Fix appearance of HTML entities in the name of attribute groups when editing or after saving

[blmage]

Description (*)

This PR fixes the appearance of HTML entities in the names of attribute groups when editing them, or after saving the corresponding attribute set.

Related Pull Requests

Fixed Issues (if relevant)

1. Fixes Encoding of ampersands in attribute set group name #32962

Manual testing scenarios (*)

1. See Encoding of ampersands in attribute set group name #32962

Questions or comments

The problem is located deep within the library code: the same text variable is used both when displaying and when editing the node labels, but the library does not take care of (un)escaping them, so there is always one case that is handled incorrectly (we either get a potential XSS, or unwanted HTML entities in the edit input).

The PR ensures that the HTML entities contained in the group names are decoded (only) when the names are edited, or when the attribute set is saved.

Also, directly updating the ext-tree.js file was preferred over a monkey-patch, because:

• the library version in use is really old (released in 2007),
• it was already preferred once.

Contribution checklist (*)

• Pull request has a meaningful description of its purpose
• All commits are accompanied by meaningful commit messages
• All new or changed code is covered with unit/integration tests (if applicable)
• README.md files for modified modules are updated and included in the pull request if any README.md predefined sections require an update
• All automated tests passed successfully (all builds are green)

[m2-assistant]

Hi @blmage. Thank you for your contribution
Here are some useful tips how you can test your changes using Magento test environment.
Add the comment under your pull request to deploy test or vanilla Magento instance:

• @magento give me test instance - deploy test instance based on PR changes
• @magento give me 2.4-develop instance - deploy vanilla Magento instance

❗ Automated tests can be triggered manually with an appropriate comment:

• @magento run all tests - run or re-run all required tests against the PR changes
• @magento run <test-build(s)> - run or re-run specific test build(s)
  For example: @magento run Unit Tests

<test-build(s)> is a comma-separated list of build names. Allowed build names are:

1. Database Compare
2. Functional Tests CE
3. Functional Tests EE,
4. Functional Tests B2B
5. Integration Tests
6. Magento Health Index
7. Sample Data Tests CE
8. Sample Data Tests EE
9. Sample Data Tests B2B
10. Static Tests
11. Unit Tests
12. WebAPI Tests
13. Semantic Version Checker

You can find more information about the builds here

ℹ️ Please run only needed test builds instead of all when developing. Please run all test builds before sending your PR for review.

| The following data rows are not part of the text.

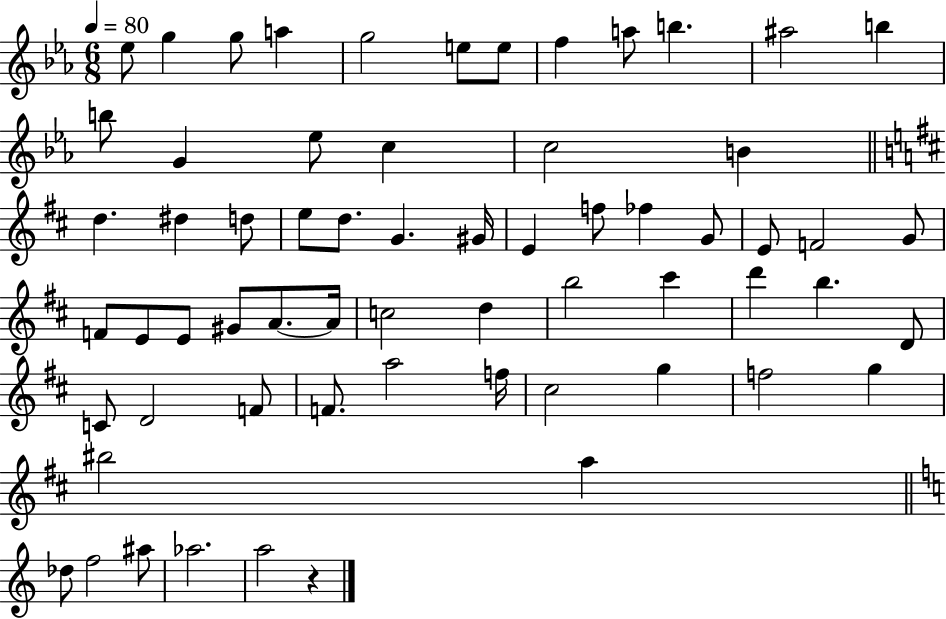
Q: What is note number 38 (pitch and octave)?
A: A4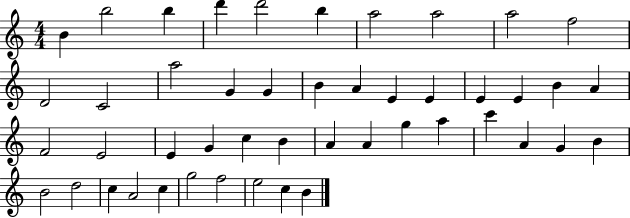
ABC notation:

X:1
T:Untitled
M:4/4
L:1/4
K:C
B b2 b d' d'2 b a2 a2 a2 f2 D2 C2 a2 G G B A E E E E B A F2 E2 E G c B A A g a c' A G B B2 d2 c A2 c g2 f2 e2 c B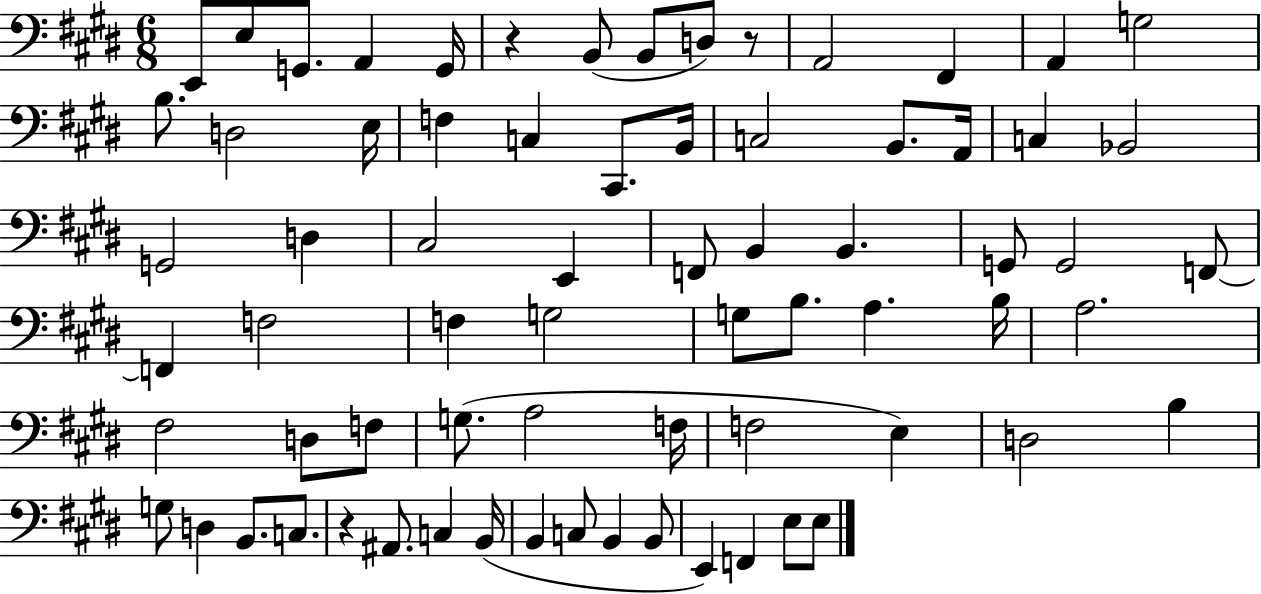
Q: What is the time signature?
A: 6/8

For more details, please, review the Magento Contributor Guide documentation.

⚠️ According to the Magento Contribution requirements, all Pull Requests must go through the Community Contributions Triage process. Community Contributions Triage is a public meeting.

🕙 You can find the schedule on the Magento Community Calendar page.

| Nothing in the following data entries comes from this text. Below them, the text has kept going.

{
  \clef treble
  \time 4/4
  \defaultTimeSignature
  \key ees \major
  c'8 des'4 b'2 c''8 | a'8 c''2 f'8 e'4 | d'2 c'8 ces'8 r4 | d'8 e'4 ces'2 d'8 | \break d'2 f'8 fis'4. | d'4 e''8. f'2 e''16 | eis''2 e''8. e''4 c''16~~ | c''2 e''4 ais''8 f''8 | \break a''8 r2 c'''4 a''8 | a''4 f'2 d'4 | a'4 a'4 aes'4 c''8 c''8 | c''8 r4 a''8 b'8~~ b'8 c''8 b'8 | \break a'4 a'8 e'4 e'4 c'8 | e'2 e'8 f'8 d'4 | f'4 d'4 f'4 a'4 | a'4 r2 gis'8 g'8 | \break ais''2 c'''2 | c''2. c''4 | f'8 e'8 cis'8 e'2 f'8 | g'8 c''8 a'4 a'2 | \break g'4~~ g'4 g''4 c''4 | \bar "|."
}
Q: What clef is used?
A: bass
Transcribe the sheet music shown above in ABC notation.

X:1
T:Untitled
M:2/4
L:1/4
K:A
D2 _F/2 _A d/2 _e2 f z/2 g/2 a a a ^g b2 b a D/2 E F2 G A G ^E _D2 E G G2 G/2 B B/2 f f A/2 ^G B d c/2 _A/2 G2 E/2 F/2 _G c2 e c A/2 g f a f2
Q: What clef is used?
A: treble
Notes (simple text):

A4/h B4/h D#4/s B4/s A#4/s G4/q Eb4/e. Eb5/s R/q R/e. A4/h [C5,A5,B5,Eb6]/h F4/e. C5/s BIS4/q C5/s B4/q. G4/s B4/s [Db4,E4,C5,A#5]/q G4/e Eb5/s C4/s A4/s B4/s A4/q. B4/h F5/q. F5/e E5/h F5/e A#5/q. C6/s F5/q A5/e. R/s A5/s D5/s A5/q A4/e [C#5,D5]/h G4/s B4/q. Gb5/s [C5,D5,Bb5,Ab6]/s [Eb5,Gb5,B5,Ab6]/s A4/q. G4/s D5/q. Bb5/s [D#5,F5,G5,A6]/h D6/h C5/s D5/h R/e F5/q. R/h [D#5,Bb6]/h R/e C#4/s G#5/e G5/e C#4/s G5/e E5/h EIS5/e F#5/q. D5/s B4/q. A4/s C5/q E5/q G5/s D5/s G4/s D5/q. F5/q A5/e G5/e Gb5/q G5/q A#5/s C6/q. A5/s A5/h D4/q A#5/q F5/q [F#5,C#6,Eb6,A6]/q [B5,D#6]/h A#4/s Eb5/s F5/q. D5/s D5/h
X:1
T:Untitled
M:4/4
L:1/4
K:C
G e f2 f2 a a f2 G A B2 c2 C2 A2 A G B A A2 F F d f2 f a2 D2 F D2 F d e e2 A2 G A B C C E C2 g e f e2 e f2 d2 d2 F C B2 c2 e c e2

📞 The triage of Pull Requests happens in the queue order. If you want to speed up the delivery of your contribution, please join the Community Contributions Triage session to discuss the appropriate ticket.

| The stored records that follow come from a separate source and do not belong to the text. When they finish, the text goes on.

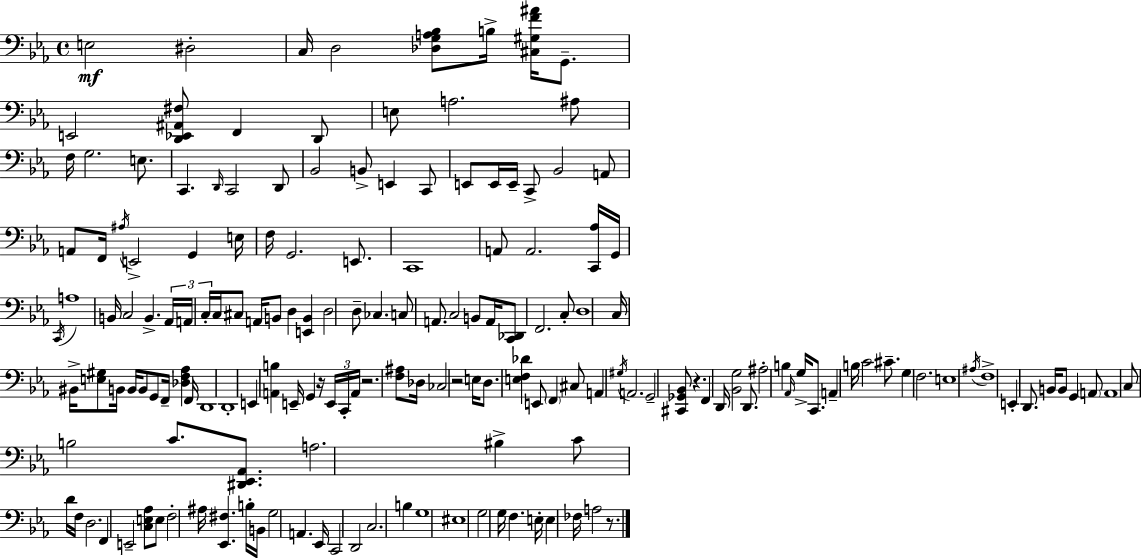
{
  \clef bass
  \time 4/4
  \defaultTimeSignature
  \key c \minor
  \repeat volta 2 { e2\mf dis2-. | c16 d2 <des g a bes>8 b16-> <cis gis f' ais'>16 g,8.-- | e,2 <d, ees, ais, fis>8 f,4 d,8 | e8 a2. ais8 | \break f16 g2. e8. | c,4. \grace { d,16 } c,2 d,8 | bes,2 b,8-> e,4 c,8 | e,8 e,16 e,16-- c,8-> bes,2 a,8 | \break a,8 f,16 \acciaccatura { ais16 } e,2-> g,4 | e16 f16 g,2. e,8. | c,1 | a,8 a,2. | \break <c, aes>16 g,16 \acciaccatura { c,16 } a1 | b,16 c2 b,4.-> | \tuplet 3/2 { aes,16 a,16 c16-. } c16 cis8 a,16 b,8 d4 <e, b,>4 | d2 d8-- ces4. | \break c8 a,8. c2 | b,8 a,16 <c, des,>8 f,2. | c8-. d1 | c16 bis,16-> <e gis>8 b,16 b,16 b,8 g,8 f,16-- <des f aes>4 | \break f,16 d,1 | d,1-. | e,4 <a, b>4 e,16-- g,4 | r16 \tuplet 3/2 { e,16 c,16-. a,16 } r2. | \break <f ais>8 des16 ces2 r2 | e16 d8. <e f des'>4 e,8 \parenthesize f,4 | cis8 a,4 \acciaccatura { gis16 } a,2. | g,2-- <cis, ges, bes,>8 r4. | \break f,4 d,16 <bes, g>2 | d,8. ais2-. b4 | \grace { aes,16 } g16-> c,8. a,4-- b16 c'2 | cis'8.-- g4 f2. | \break e1 | \acciaccatura { ais16 } f1-> | e,4-. d,8. b,16 b,8 | g,4 \parenthesize a,8 a,1 | \break c8 b2 | c'8. <dis, ees, aes,>8. a2. | bis4-> c'8 d'16 f16 d2. | f,4 e,2-- | \break <c e aes>8 e8 f2-. ais16 <ees, fis>4. | b16-. b,16 g2 a,4. | ees,16 c,2 d,2 | c2. | \break b4 g1 | eis1 | g2 g16 f4. | e16-. e4 fes16 a2 | \break r8. } \bar "|."
}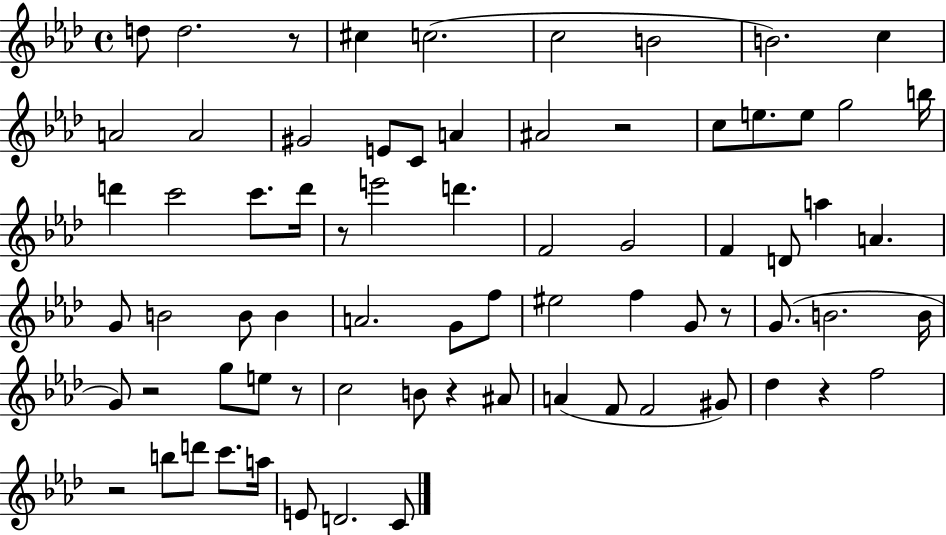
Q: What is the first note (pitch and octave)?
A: D5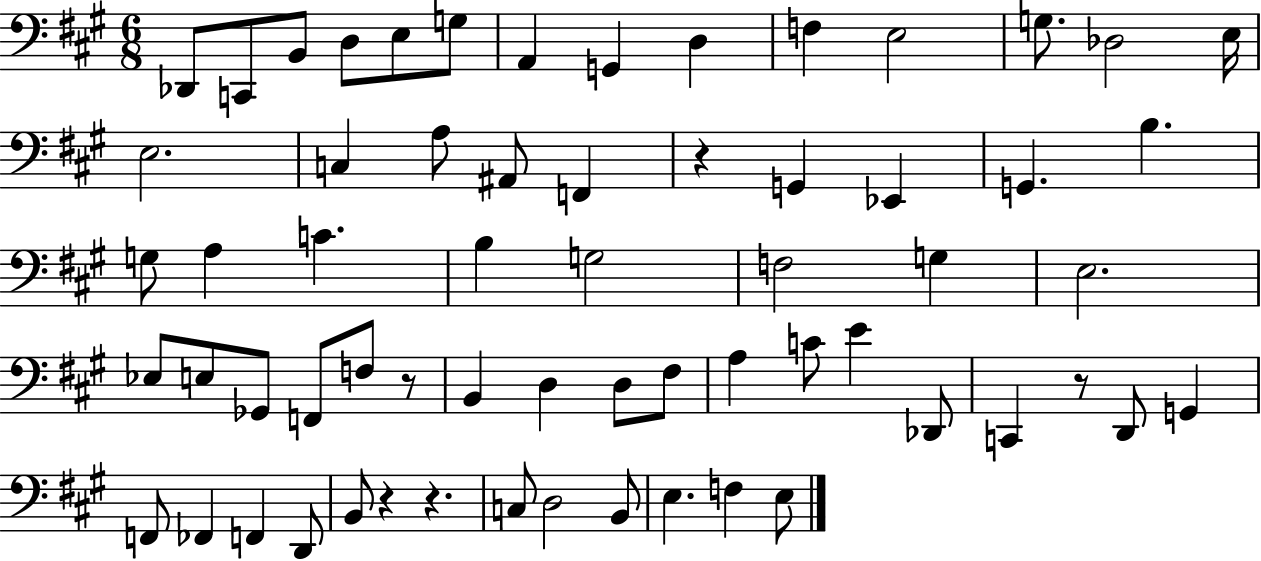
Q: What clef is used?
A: bass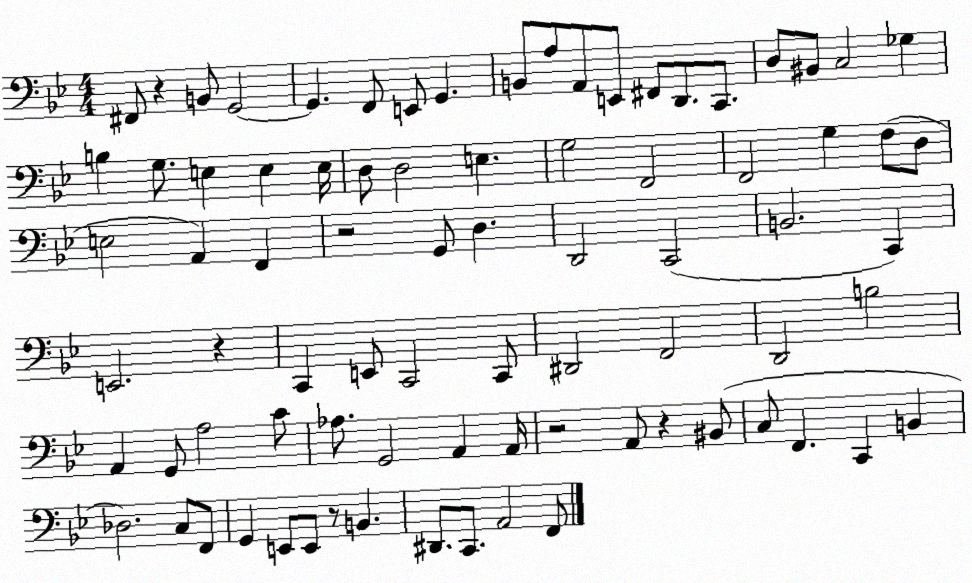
X:1
T:Untitled
M:4/4
L:1/4
K:Bb
^F,,/2 z B,,/2 G,,2 G,, F,,/2 E,,/2 G,, B,,/2 A,/2 A,,/2 E,,/2 ^F,,/2 D,,/2 C,,/2 D,/2 ^B,,/2 C,2 _G, B, G,/2 E, E, E,/4 D,/2 D,2 E, G,2 F,,2 F,,2 G, F,/2 D,/2 E,2 A,, F,, z2 G,,/2 D, D,,2 C,,2 B,,2 C,, E,,2 z C,, E,,/2 C,,2 C,,/2 ^D,,2 F,,2 D,,2 B,2 A,, G,,/2 A,2 C/2 _A,/2 G,,2 A,, A,,/4 z2 A,,/2 z ^B,,/2 C,/2 F,, C,, B,, _D,2 C,/2 F,,/2 G,, E,,/2 E,,/2 z/2 B,, ^D,,/2 C,,/2 A,,2 F,,/2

🎥 You can find the recording of the previous Community Contributions Triage on the Magento Youtube Channel

✏️ Feel free to post questions/proposals/feedback related to the Community Contributions Triage process to the corresponding Slack Channel

[blmage]

@magento run all tests

[magento-automated-testing]

The requested builds are added to the queue. You should be able to see them here within a few minutes. Please re-request them if they don't show in a reasonable amount of time.

[blmage]

@magento run Functional Tests B2B

[magento-automated-testing]

The requested builds are added to the queue. You should be able to see them here within a few minutes. Please re-request them if they don't show in a reasonable amount of time.